NASA’s Space Launch System, or SLS, was designed and built by American industry to be a super-heavy-lift, deep space rocket, able to open the solar system and interstellar space to human exploration.
“It was built for distance, for speed and for propelling super-heavy payloads out of Earth’s gravity well to enable sustainable exploration, science and security missions,” said David Burks, Boeing director for Deep Space Global Sales & Marketing, during a recent industry panel.
Designed by NASA, Boeing and other prime contractors for direct injection to deep space destinations in a single launch, SLS can send missions to Jupiter in only 2½ years, accelerating a 2-ton spacecraft to 63 kilometers per second.
“That’s over 140,000 mph [225,308 kph] — 100 times the speed of a high-velocity rifle bullet,” Burks said. “That’s critical to uncrewed missions to the outer planets as well as crewed travel to the moon or Mars, because the difference in distance between low Earth orbit and a trip to the moon is the same relative difference between a drive across town and a trip from Los Angeles to New York. Getting there faster and with fewer in-space maneuvers is the safest way to go.”

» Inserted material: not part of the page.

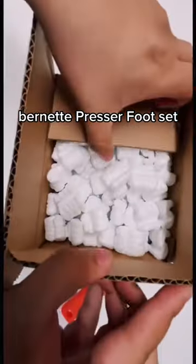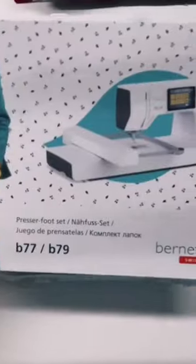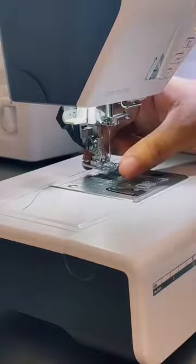I am super excited because my friends from Bernette USA recently sent me their presser foot set that is compatible with the Bernette 77 and 79. These are all the feet that come in the set, and they're easy to install.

As the only rocket capable of sending a 27-metric ton Orion spacecraft and service module to cislunar space, SLS will launch America’s deep space exploration program with an uncrewed Artemis mission. NASA’s lunar program will open up a range of new orbits and trajectories, carrying co-manifested payloads up to 10 tons (9.1 metric tons), in addition to smaller secondary payloads.